To maximize the computer's ability to read your resume, provide the cleanest original and use a standard style resume.

The computer can extract skills from many styles of resumes such as chronological (list and describe up to 6 jobs in order by date), achievement (describe achievements rather than job titles), functional (organize by skills rather than job titles), and combinations of resume types.

The most difficult resume for the computer to read is a poor quality copy that has an unusual format such as a newsletter layout, adjusted spacing, large font sizes, graphics or lines, type that is too light, or paper that is too dark.

Tips for Maximizing Scannability

  • Use white or light-colored 8 1/2 x 11 paper, printed on one side only.
  • Provide a laser printed original if possible. A typewritten original or a high quality photocopy is OK. Avoid dot matrix printouts and low quality copies.
  • Do not fold or staple.
  • Use standard typefaces such as Helvetica, Futura, Optima, Universe, Times New Roman, Palatino, New Century Schoolbook, and Courier.
  • Use a font size of 10 to 14 points. (Avoid Times 10 point).
  • Don't condense spacing between letters.
  • Use boldface and/or all capital letters for section headings as long as the letters don't touch each other.
  • Avoid fancy treatments such as italics, underline, shadows, and reverse (white letters on black background).
  • Avoid vertical and horizontal lines, graphics, and boxes.
  • Avoid two-column format or resumes that looks like newspapers or newsletters.
  • Place your name at the top of the page on its own line. (Your name can also be the first text on pages two and three).
  • Use standard address format below your name.
  • List each phone number on it's own line.

Content

The computer extracts information from your resume. You can use your current resume; however, once you understand what the computer searches for, you may decide to add a few key words to increase your opportunities for matching requirements or getting "hits".

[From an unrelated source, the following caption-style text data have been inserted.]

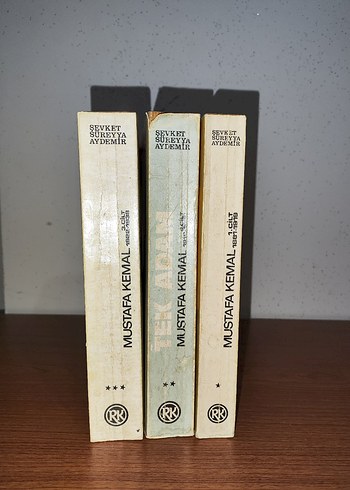 Şevket Süreyya Aydemir - Tek Adam Mustafa Kemal (3 Cilt)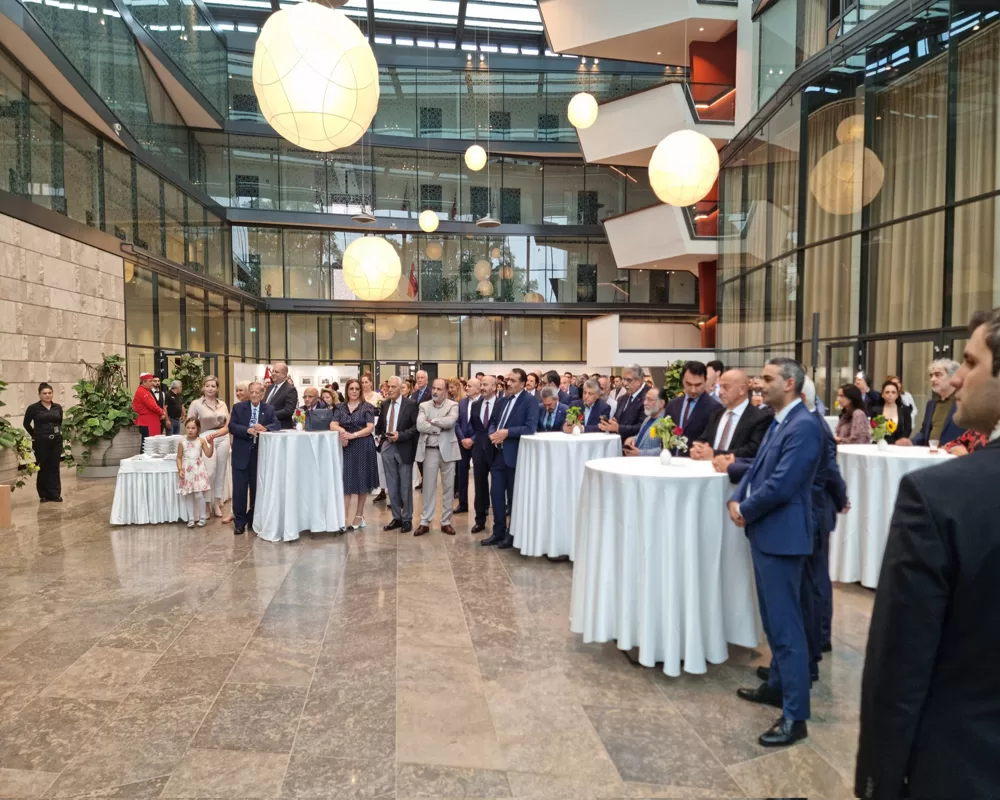 Berlin Büyükelçiliği`nde Aşure ikramı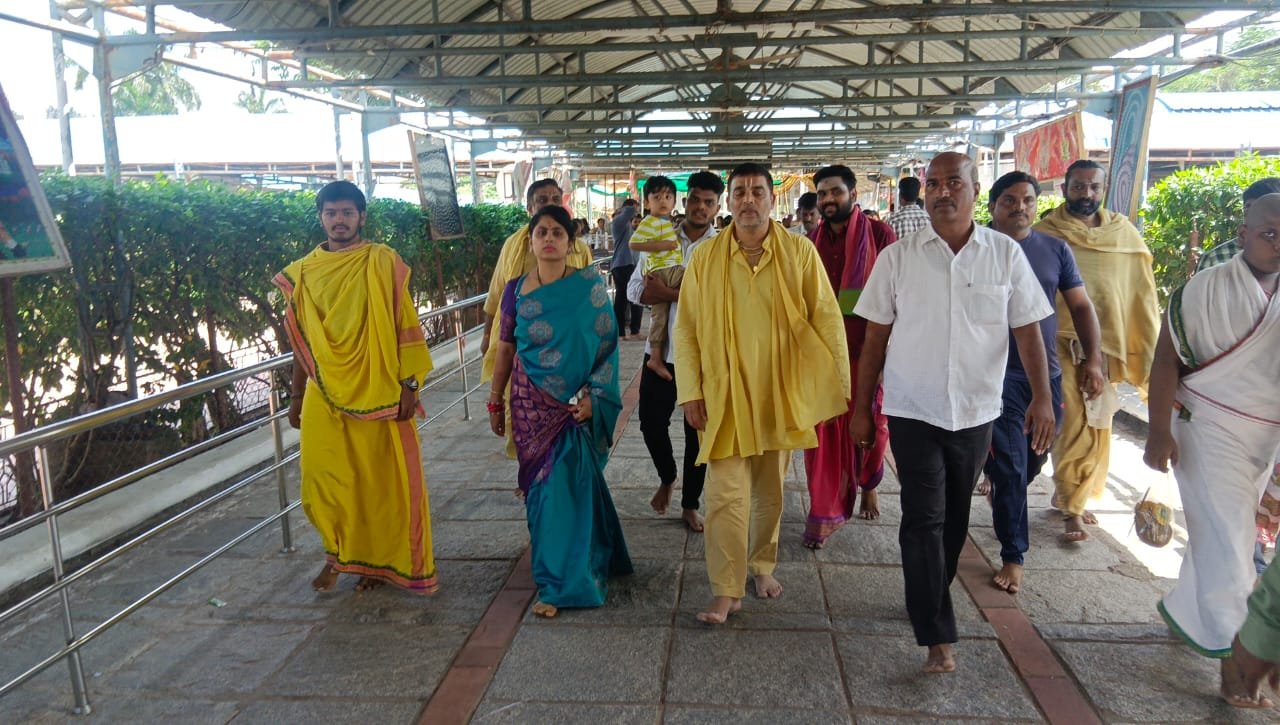 బాసర శ్రీ జ్ఞాన సరస్వతి అమ్మవారి దర్శనానికి వచ్చిన దిల్ రాజు మరియు తనికెళ్ల భరణి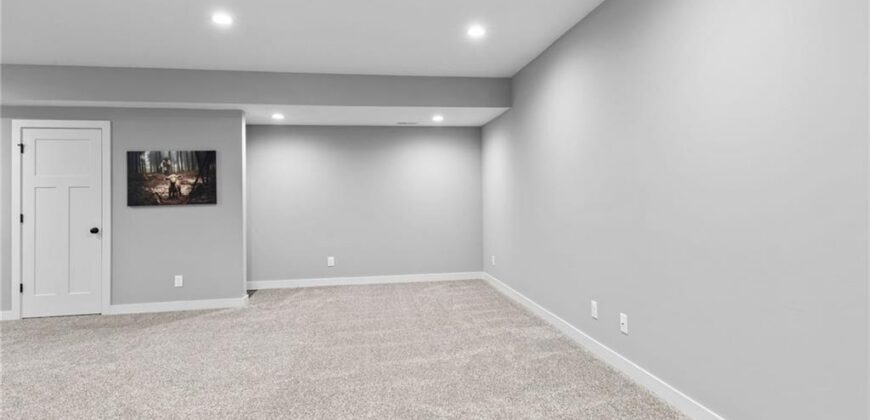 5866 S National Drive, Parkville, MO 64152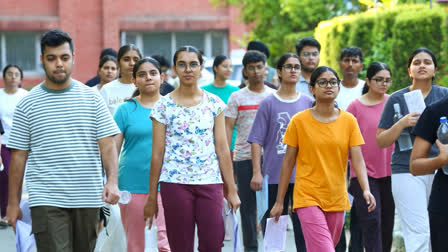 NEET UG 2026 काउंसलिंग शेड्यूल और मेडिकल कॉलेज दाखिले की प्रतीकात्मक तस्वीर।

Recruiters and managers access the resume database in many ways, search for your resume specifically or searching for applicants with specific experience. When searching for specific experience, they'll search for key words, usually nouns such as: writer, BA, marketing collateral, Society of Technical Communication, Spanish (language fluency), San Diego, etc. So, make sure you describe your experience with concrete words rather than vague descriptions. The computer system will extract the words and information from your sentences; you can write your resume as usual.

Tips for Maximizing "Hits"

  • Use enough key words to define your skills, experience, education, professional affiliations, etc.
  • Describe your experience with concrete words rather than vague descriptions. For example, it's better to use "managed a team of software engineers" rather than "responsible for managing, training..."
  • Be concise and truthful.
  • Use more than one page if necessary. The computer can easily handle multiple-page resumes, and it uses all of the information it extracts from your resume to determine if your skills match available positions. It allows you to provide more information than you would for a human reader.
  • Use jargon and acronyms specific to your industry (spell out the acronyms for human readers).
  • Increase your list of key words by including specifics, for example, list the names of software you use such as Microsoft Word and Lotus 1-2-3.
  • Use common heading such as: Objective, Experience, Employment, Work History, Positions Held, Appointments, Skills, Summary, Summary of Qualifications, Accomplishments, Strengths, Education, Affiliations, Professional Affiliations, Publications, Papers, Licenses, Certifications, Examinations, Honors, Personal, Additional, Miscellaneous, References, etc.
  • If you have extra space, describe your interpersonal traits and attitude. Key words could include skill in time management, dependable, high energy, leadership, sense of responsibility, good memory.

Tips

  • Some people may want to have two versions of their resume:
     
    One for the computer to read - with a scannable format and detailed information. Send this one.
     
    One for people to read - possibly with a creative layout, enhanced typography, and summarized information. Carry this one to the interview.
     
  • When faxing, set the fax to "fine mode"; the recipient will get a better quality copy.